Below shows the code and plot of top 10 harmful events vs. number of casualties:
ggplot(dataPopHealth_10, aes(EVENT_SDT, POPULATION, fill=EVENT_SDT)) +
geom_bar(stat = "identity", width = 0.8) + coord_flip() +
labs(title = "Top 10 Most Harmful Event Types w/. Respect to Population Health (1996 - 2011)") +
labs(x = "Event Type", y = "Number of Casualties") + theme_bw() +
geom_text(aes(y=POPULATION, ymax=POPULATION, label=POPULATION),
position= position_dodge(width=0.9), vjust=.5, hjust=-0.1, color="black") +
##scale_fill_discrete(name ="Event Type") +
guides(fill=FALSE) +
scale_y_discrete(expand = c(0, 4000), breaks = seq(0, 40000, 5000))

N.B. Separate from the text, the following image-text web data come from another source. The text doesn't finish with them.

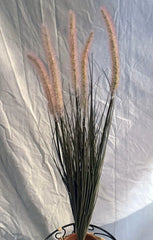 31.5 inch Cattail PVC Bush x5 Silk Plants Canada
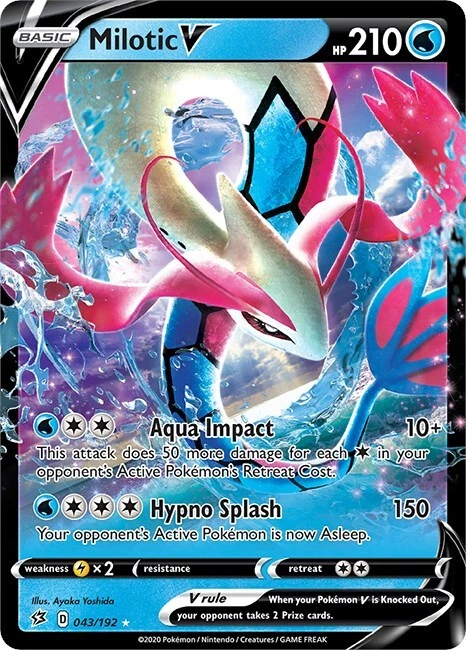 Milotic V Pokémon TCG Cards for sale | eBay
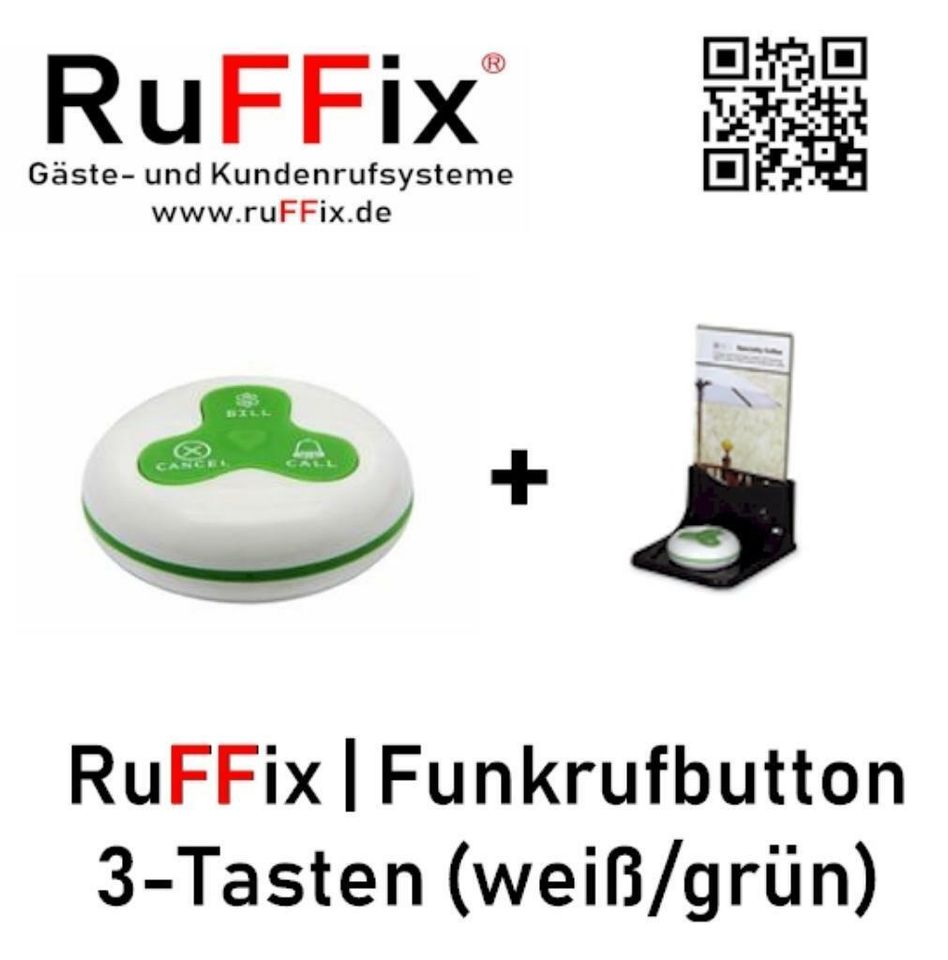 RuFFix ® das Original | Kundenruf System | 10x Funkbutton in Köln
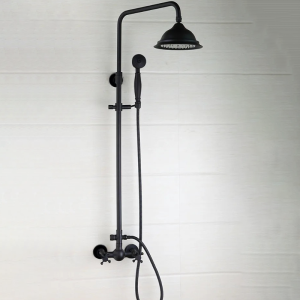 Colonne de Douche Noire Vintage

The top 3 most harmful storms and weather events with respect to population health are: Tornado, Excessive Heat, and Flood, respectively.

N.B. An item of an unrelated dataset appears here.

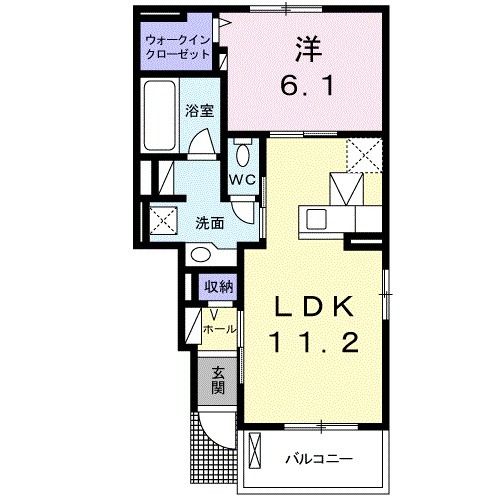 サンリット　上張　IIの間取り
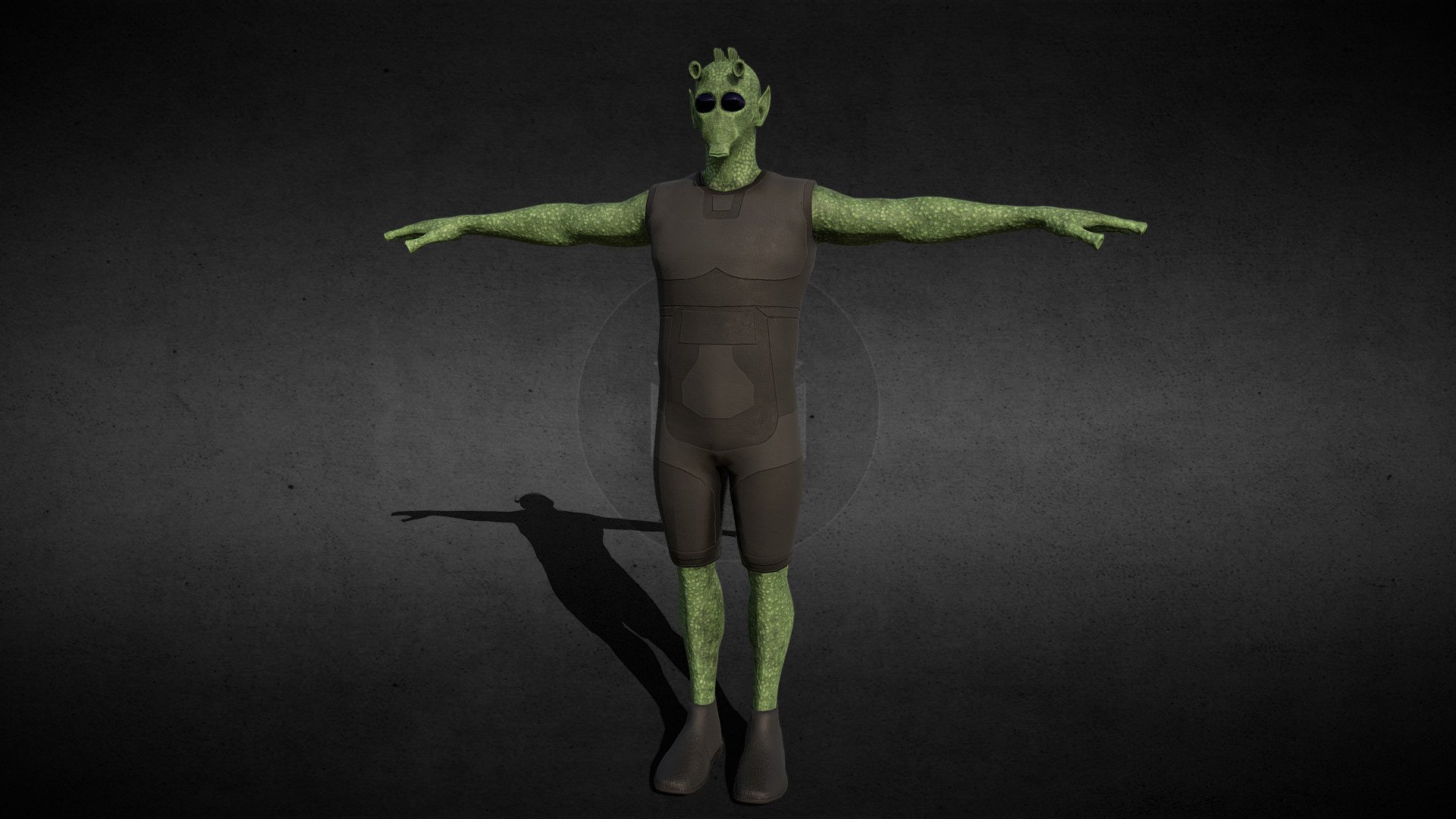 Star Wars Rodian 3d model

Below shows the code and plot of top 10 events that have greatest economic consequences vs. amount of damage in billion dollars:
ggplot(dataEcoDmg_10, aes(EVENT_SDT, Total_DMG_BIL, fill=EVENT_SDT)) +
geom_bar(stat = "identity", width = 0.8) + coord_flip() +
labs(title = "Top 10 Event Types Have Greatest Economic Consequences (1996 - 2011)") +
labs(x = "Event Type", y = "Amount of Damage (in Billion Dollars)") + theme_bw() +
geom_text(aes(y=Total_DMG_BIL, ymax=Total_DMG_BIL, label=Total_DMG_BIL),
position= position_dodge(width=0.9), vjust=.5, hjust=-0.1, color="black") +
##scale_fill_discrete(name ="Event Type") +
guides(fill=FALSE) +
scale_y_discrete(expand = c(0, 18), breaks = seq(0, 200, 40))
The top 3 storms and weather events have the greatest economic consequences are: Flood, Hurricane (Typhoon), and Storm Surge/Tide, respectively.